Sunday 19 February 2023, 3:00 PM – 4:15 PM
Verbrugghen Hall, Sydney Conservatorium of Music

CONCERT 2

Sweet Melodies & Angry Tempests

Singers of the Baroque period touched directly on the emotions of audiences, transporting them from sweet melodies to angry tempests. Nuance and intuitiveness were key – an inflection of the voice here, a gesture there. Jacopo Peri wrote in 1600 of ornaments as “those charms and elegances, which one cannot write down, and [if] written, one cannot learn them from the notation”. As singers saw opportunities to create performances full of extravagant theatrics, some composers remained sticklers for formality and restraint, with Lully declaring of his recitatives: “No embellishment! … I want it to be absolutely plain”. By the late Baroque period, composers began to regain control of their creative output, no longer leaving ornamentation to the discretion of the performers, with Marc-Antoine Laugier suggesting musicians “restrict themselves scrupulously to the notation before their eyes” (1754).

Friday 21 April 2023 7:30 PM – 8:45 PM
Fairfax Theatre, National Gallery of Australia, ACT

Sunday 23 April 2023 3:00 PM – 4:15 PM
Verbrugghen Hall, Sydney Conservatorium of Music

CONCERT 3

Corelli’s Magic

The 1710 publication of Arcangelo Corelli’s Opus 5 Violin sonatas by the publisher Estienne Roger included the adagio movements in both the original and a version with ornaments “as [Corelli] plays them”. Amongst those who were dubious about this bold claim was Roger North who commented, “Some presumer hath published [ornaments in…] Corelly’s solos. … Upon the bare view of the print any one would wonder how so much vermin could creep into the work of such a master”. Yet even without verification, as a publisher’s marketing pitch, it was gold! The sonatas were republished dozens of times over the following century, and Quantz suggested in 1752 that “…cadenzas first came into use after the time Corelli published his twelve solos for the violin”.

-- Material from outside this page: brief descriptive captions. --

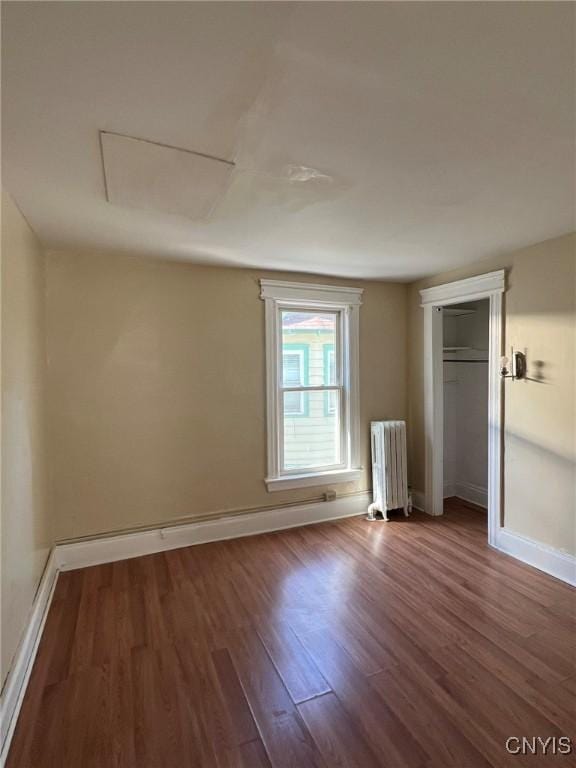 unfurnished bedroom featuring radiator, a closet, wood finished floors, and baseboards
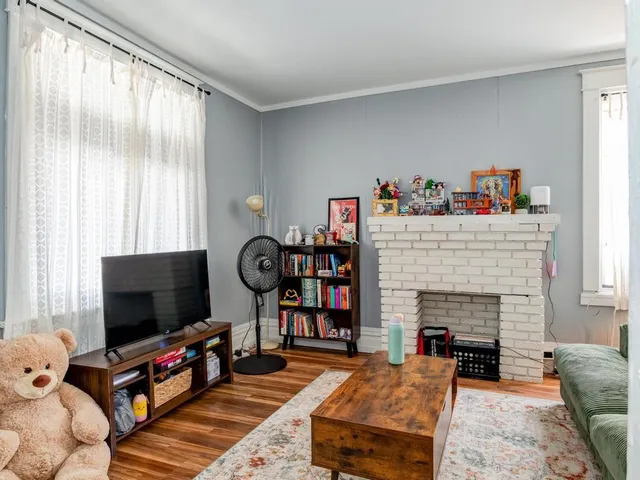 a living room with fireplace furniture and a flat screen tv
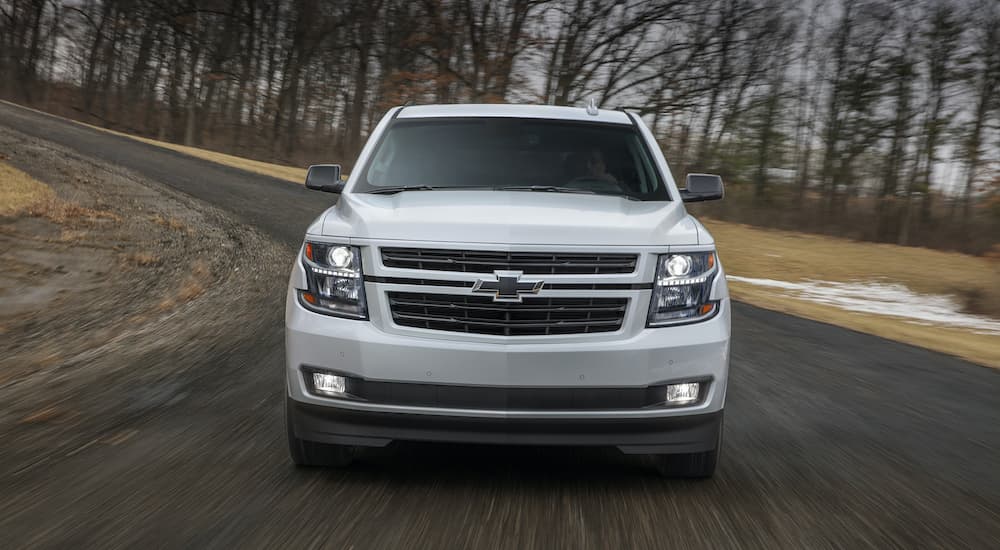 A white 2018 Chevy Tahoe RST is shown from the front driving on an open road past a used Chevy Tahoe dealer.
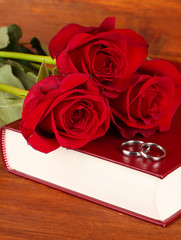 Wedding rings on bible with roses on wooden background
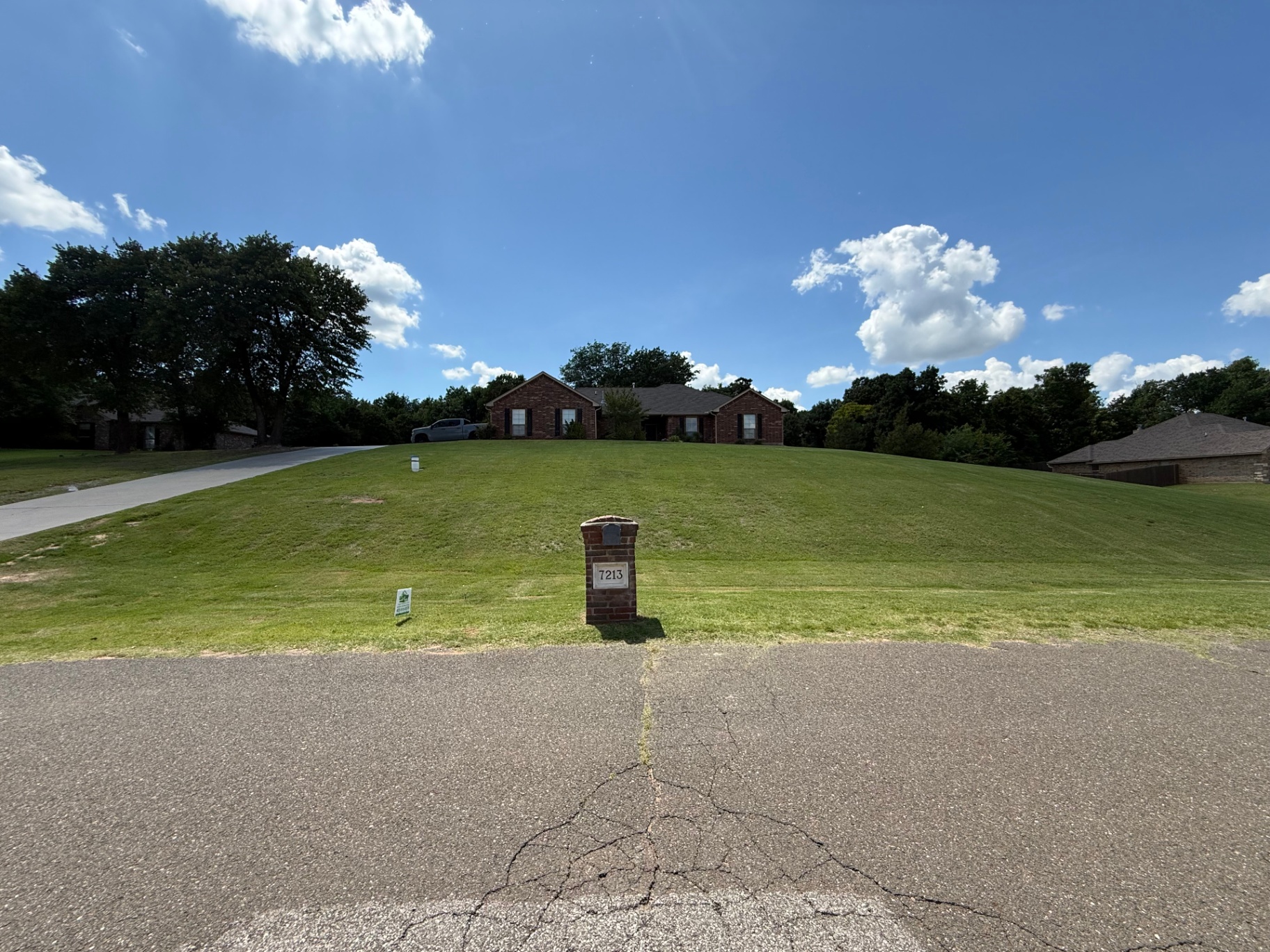 wide front lawn and brick mailbox on a large residential property after mowing in Tuttle Oklahoma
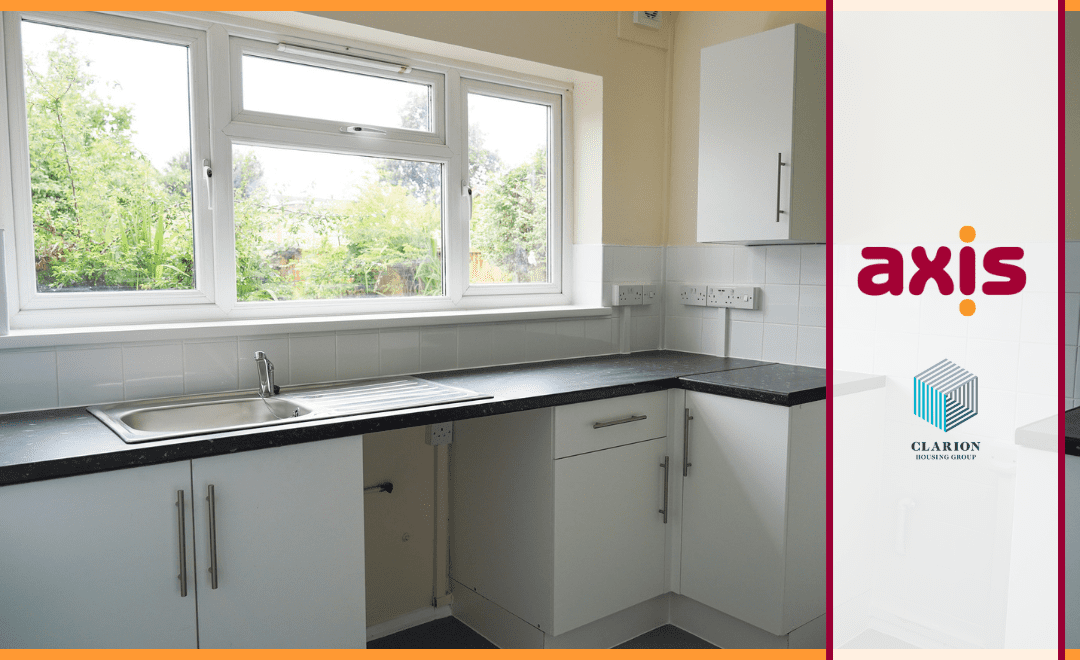 White kitchen with cupboards, sink, and window with garden. Axis logo on the right and Clarion logo on a white banner with red borders.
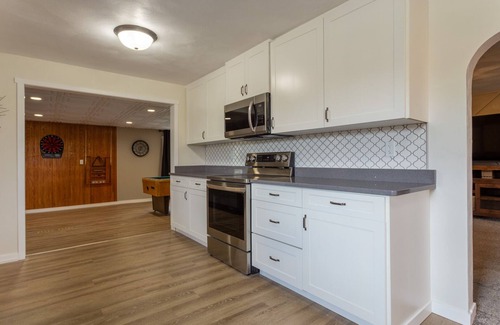 Dyersville House | Bring the whole family to this great home with an acre of room for fun.
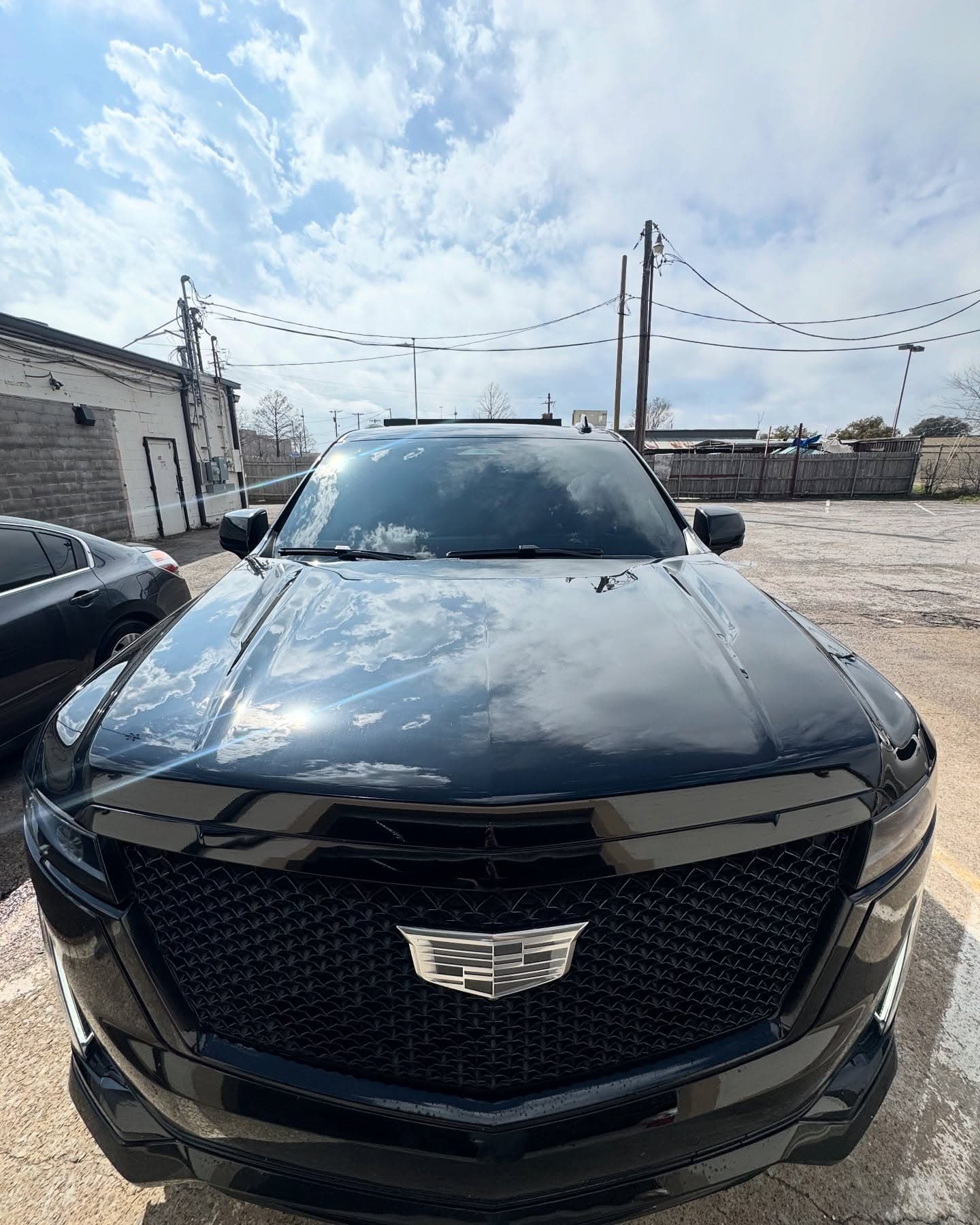 Black Cadillac Escalade with tinted windows outside the shop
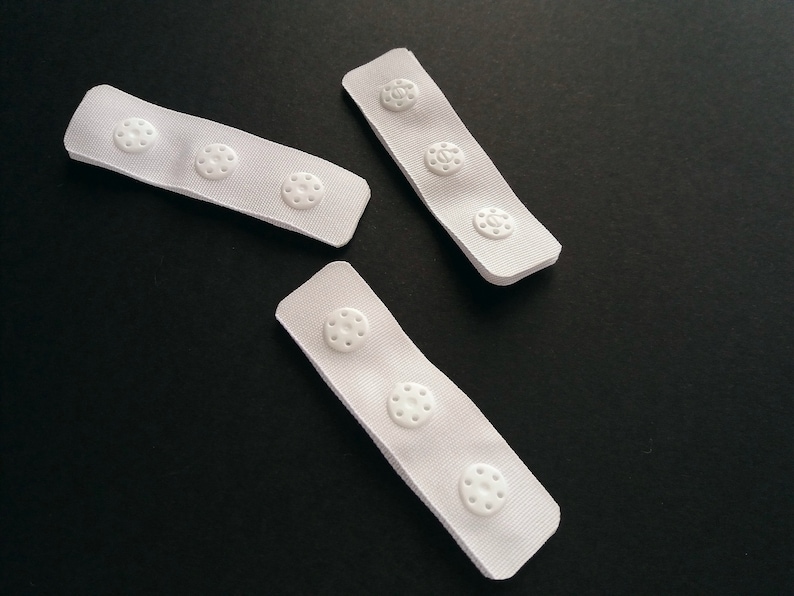 White plastic snap tape heat sealed edges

Friday 18 August 2023 7:30 PM – 8:45 PM
Albert Hall, Commonwealth Avenue, Canberra

Sunday 20 August 2023 3:00 PM – 4:15 PM
Verbrugghen Hall, Sydney Conservatorium of Music

CONCERT 4

The Cosmopolitans

Behind seemingly effortless ornamentation, strict rules had to be observed to establish the character, emotion and aesthetics of the music. JS Bach commented that, “It is… somewhat strange that German musicians are expected to be capable of performing at once and ex tempore all kinds of music, whether it come from Italy or France, English or Poland”. Travelling musicians and composers pollinated new ideas across cultures but it was through the cosmopolitan Georg Muffat’s seminal work published in four languages, Florilegium primum (1695) and secundum (1698), that musicians became fluent in the language of French and Italian music, and “how to use, with judgment, beautiful decorations and appropriate ornaments, which light up the piece… like precious stones”.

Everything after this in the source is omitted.